= Cadac-Andreas =

Irish scholar

Cadac-Andreas, Irish scholar, fl. 798 - 814.

Cadac-Andreas was an Irish scholar at the court of Charlemagne who roused the ire of Bishop Theodulphus for lengthy and pedantic approach to exegesis, which he apparently delighted in. A nameless court poet, possibly connected to Theodulphus, wrote further of him, scorning and parodying

- his fascination with etymologies in the three sacred languages
- pondering who was the first person to perform something in the Bible
- pedantic, long-winded, interest in terminology

Theodulphus grew to detest Cadac-Andreas so much that he strongly urged Charlemagne to have him dismissed from court.

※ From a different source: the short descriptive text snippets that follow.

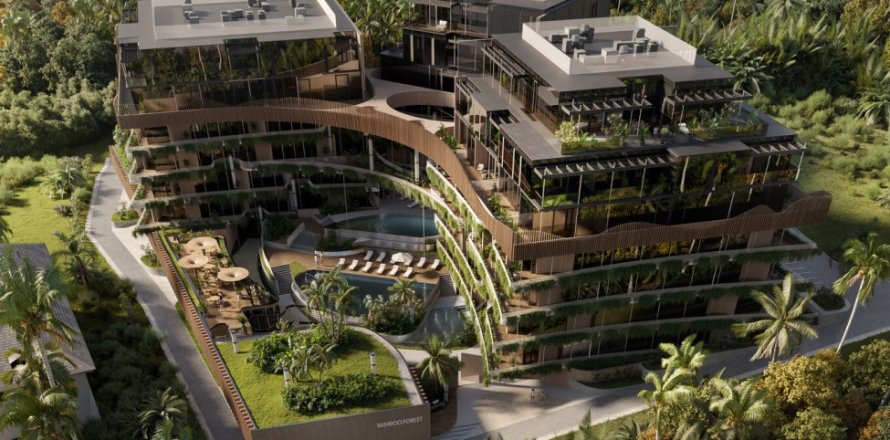 Studio in Bang Tao, Thailand № 119466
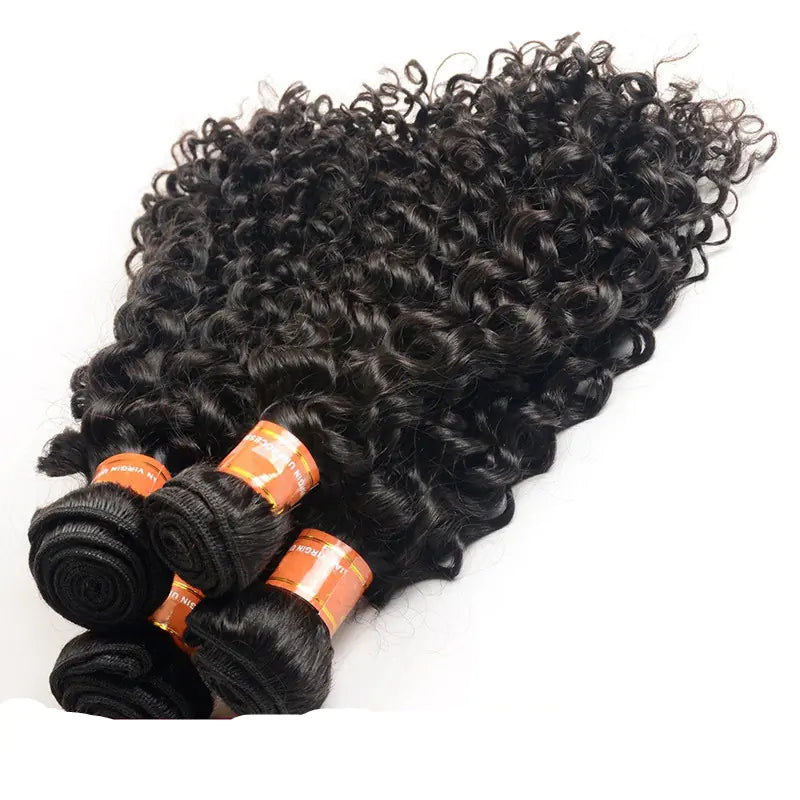 Brazilian Hair Curtain, Wig, Curly Wig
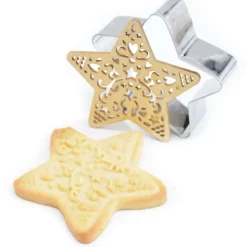 SCRAPCOOKING Kit Biscuit de Noël Étoile 8,8 cm Clearance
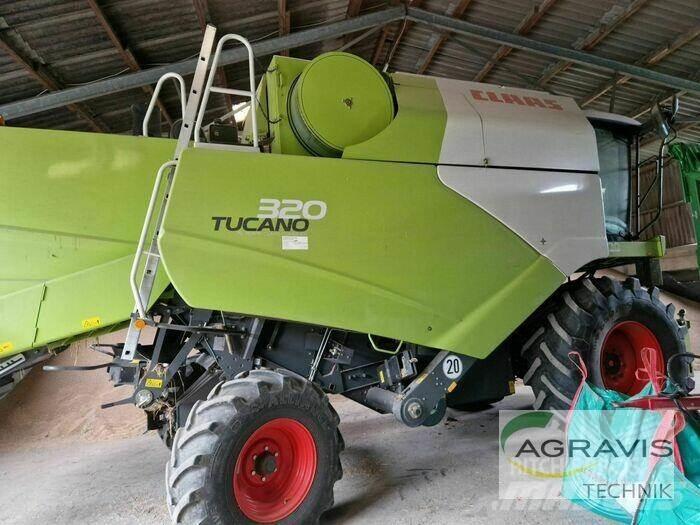 CLAAS TUCANO 320 Kombajni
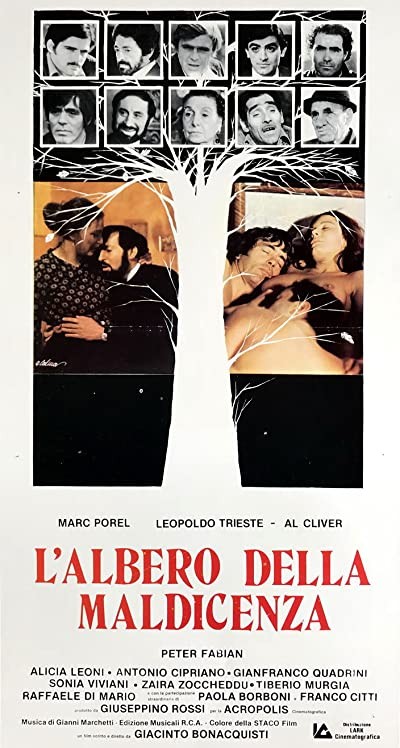 L'albero Della Maldicenza (1979) afişi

Yet much to the frustration of Theodulphus, and no doubt others at court, Cadac was subsequently awarded a bishopric by the king.

Theodulphus, on the other hand, was later sent into exile by Louis the Pious.

==Sources==
- "Hiberno-Latin Literature to 1169", Dáibhí Ó Crónín, "A New History of Ireland", volume one, 2005.
- Theodulf und der Ire Cadac-Andreas, Bernhard Bischoff, Mittelalterliche Studien, three volumes, Stuttgart, 1966–81.